=== Records supplied ===
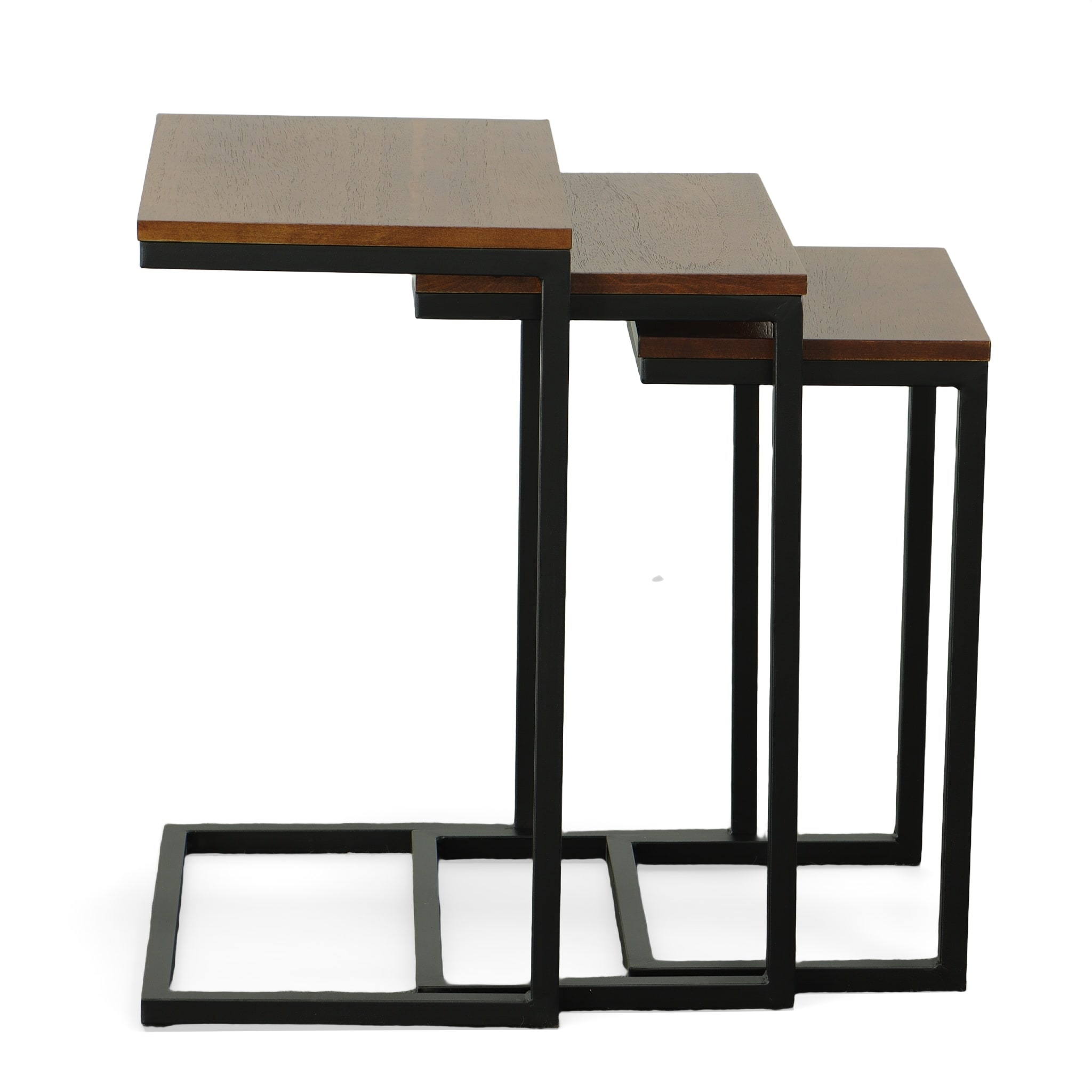 Carolina Cottage WSS-2016CHETBK Addison nesting tables 3 -Piece Rustic Chestnut Asian hardwood Accent Table Set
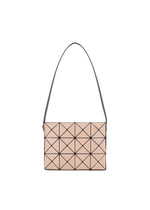 The BAO BAO ISSEY MIYAKE CUBOID is a beige rectangular shoulder bag with a geometric triangular grid and a single adjustable black strap, shown on a plain white background. - BEIGE (no.41)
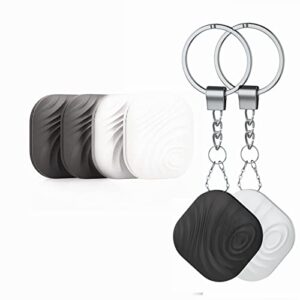 keys finder 4pack coffee and white - item locator bluetooth tracker for keys pet wallets or backpacks and tablets - water resistant with replaceable battery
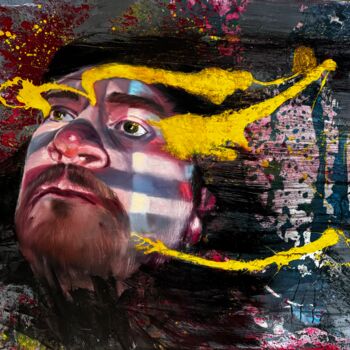 Painting titled "Explosion / self po…" by Gennadiy V. Ivanov, Original Artwork, Oil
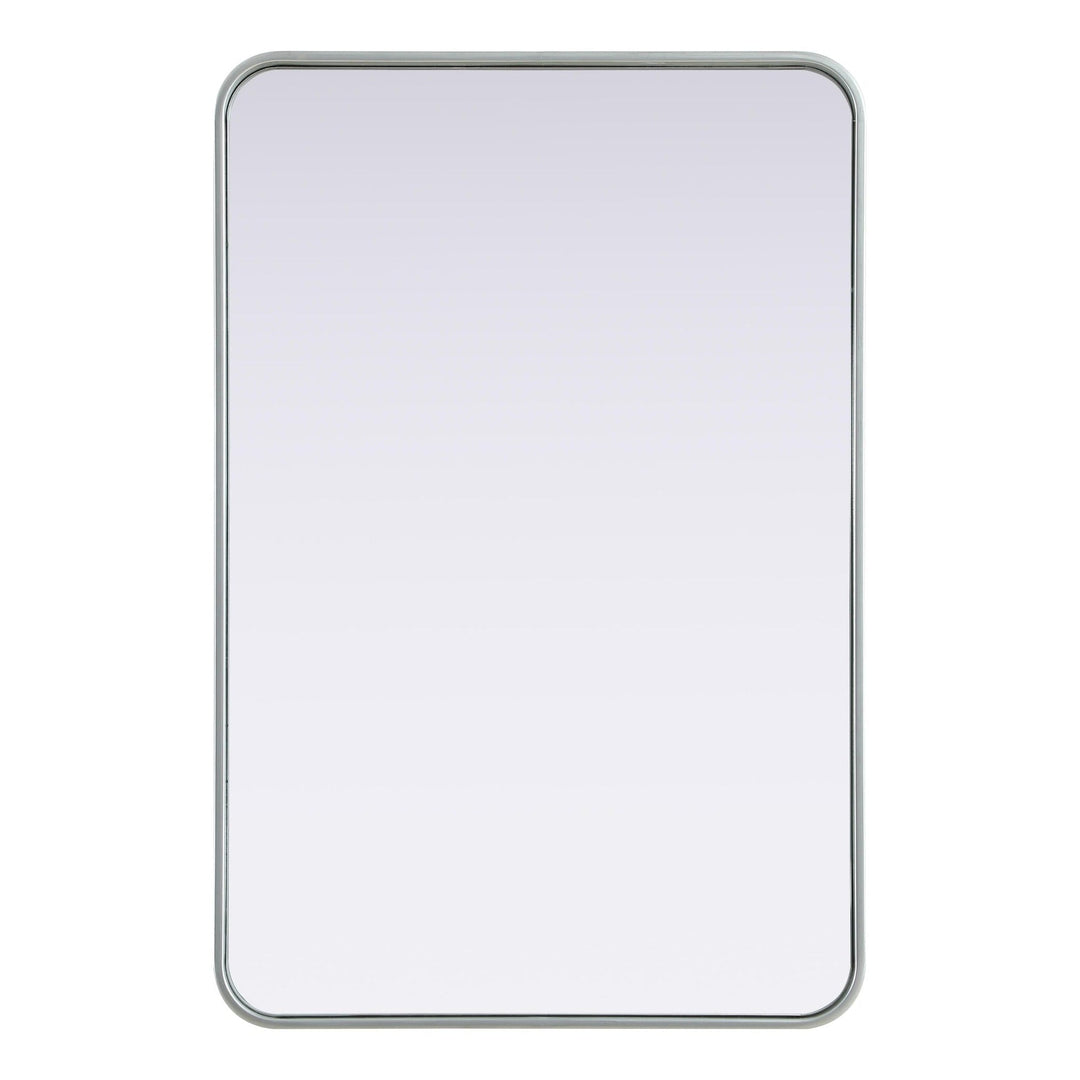 Rounded Corner Rectangle Mirror in Silver by Elegant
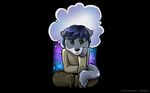  2012 anthro black_background blue_hair canine chibi cloud fur green_eyes grey_fur hair male mammal raining simple_background sitting solo the_cyantian_chronicles tiffany_ross vincent_finilt wallpaper wolf 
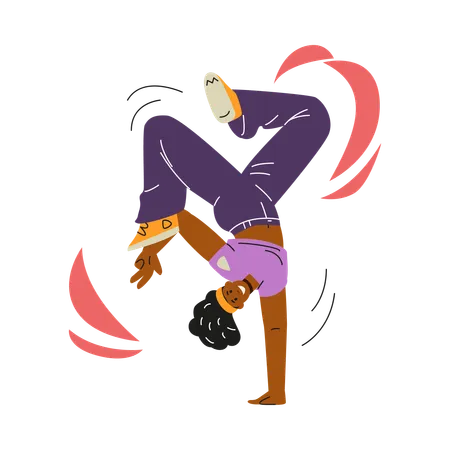 Femme danseuse de breakdance faisant le poirier  Illustration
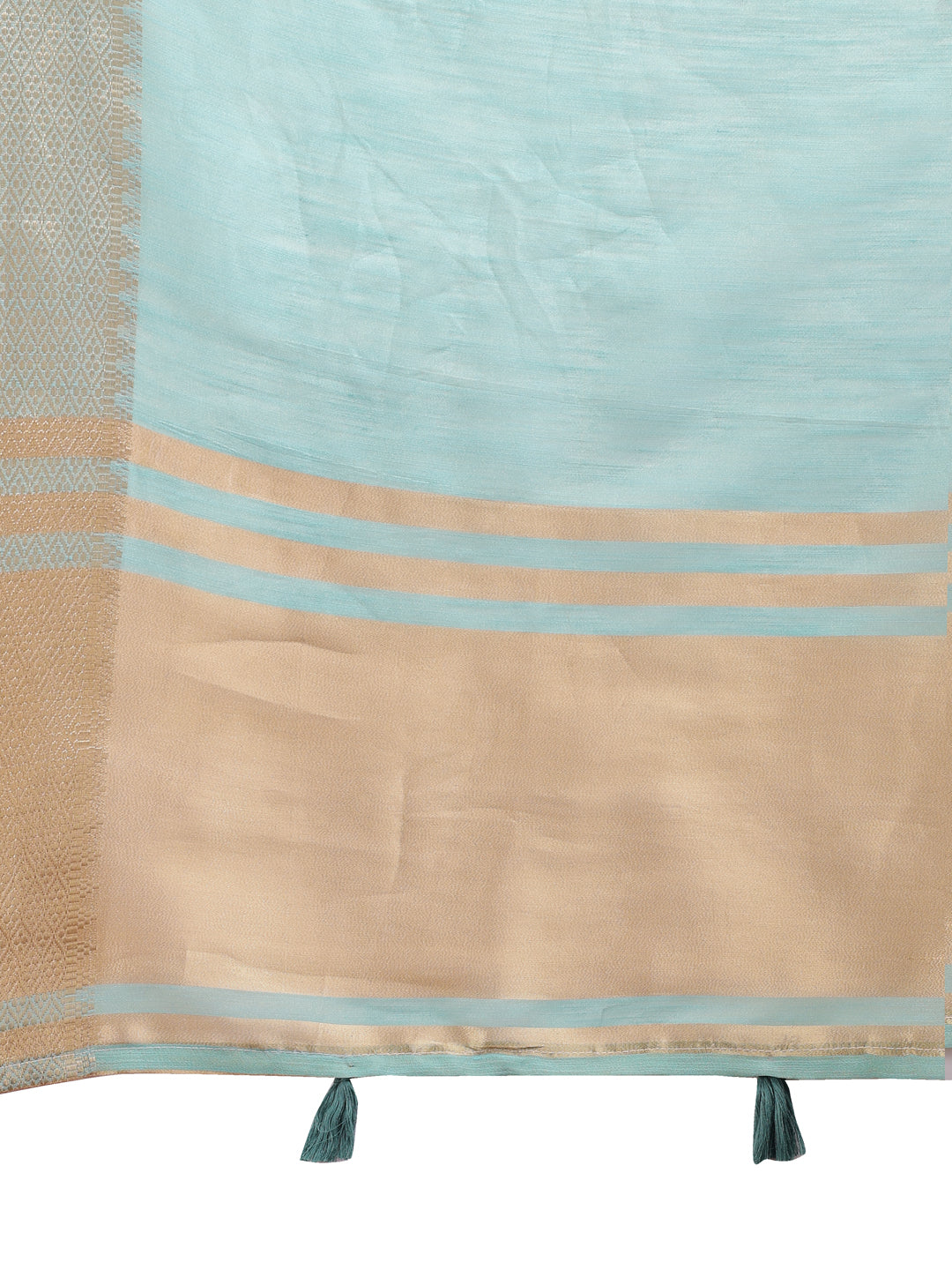 Sea Green Gold Cotton Ready-to-Wear Saree with Golden Border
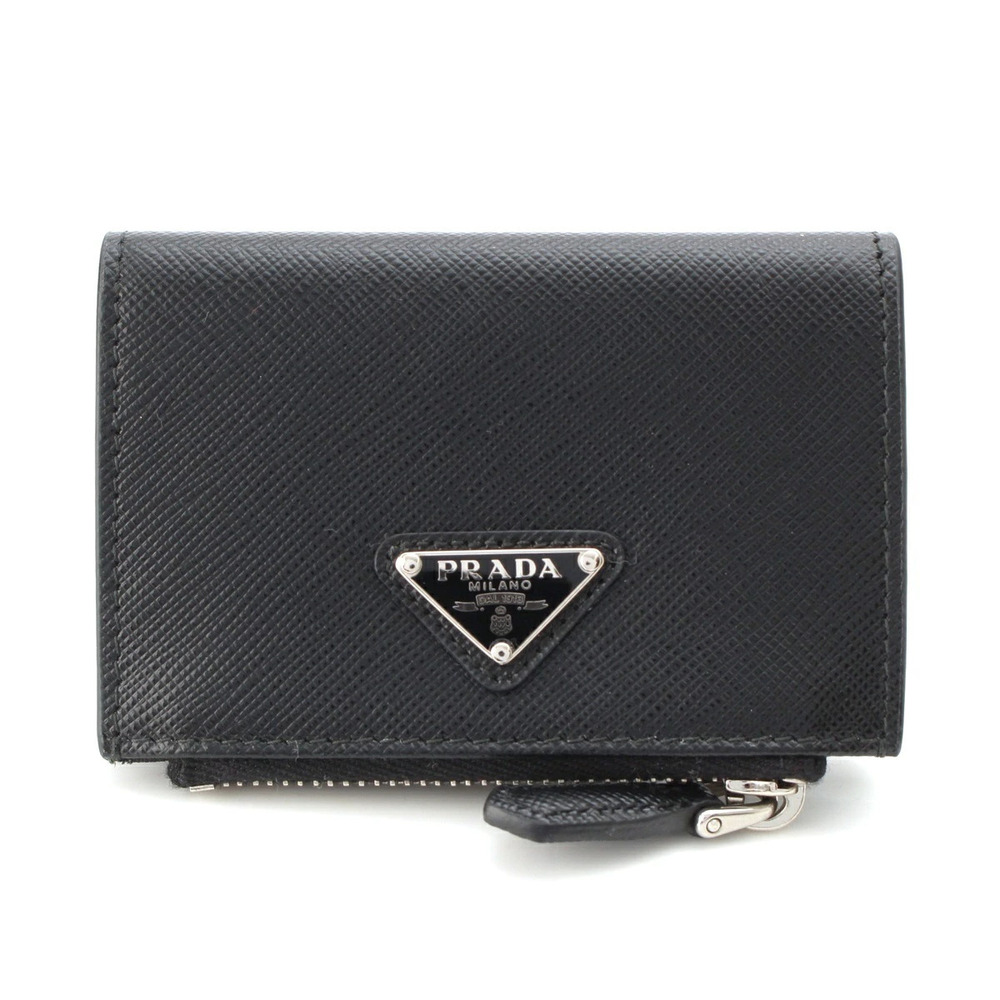 Prada Saffiano Triangle Plate coin case Wallet Black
===
> What you have to do
Could you transcribe all of the data exactly, keeping every picture out of the copy?

> Exercise answer
 Carolina Cottage WSS-2016CHETBK Addison nesting tables 3 -Piece Rustic Chestnut Asian hardwood Accent Table Set
 The BAO BAO ISSEY MIYAKE CUBOID is a beige rectangular shoulder bag with a geometric triangular grid and a single adjustable black strap, shown on a plain white background. - BEIGE (no.41)
 keys finder 4pack coffee and white - item locator bluetooth tracker for keys pet wallets or backpacks and tablets - water resistant with replaceable battery
 Painting titled "Explosion / self po…" by Gennadiy V. Ivanov, Original Artwork, Oil
 Rounded Corner Rectangle Mirror in Silver by Elegant
  2012 anthro black_background blue_hair canine chibi cloud fur green_eyes grey_fur hair male mammal raining simple_background sitting solo the_cyantian_chronicles tiffany_ross vincent_finilt wallpaper wolf 
 Femme danseuse de breakdance faisant le poirier  Illustration
 Sea Green Gold Cotton Ready-to-Wear Saree with Golden Border
 Prada Saffiano Triangle Plate coin case Wallet Black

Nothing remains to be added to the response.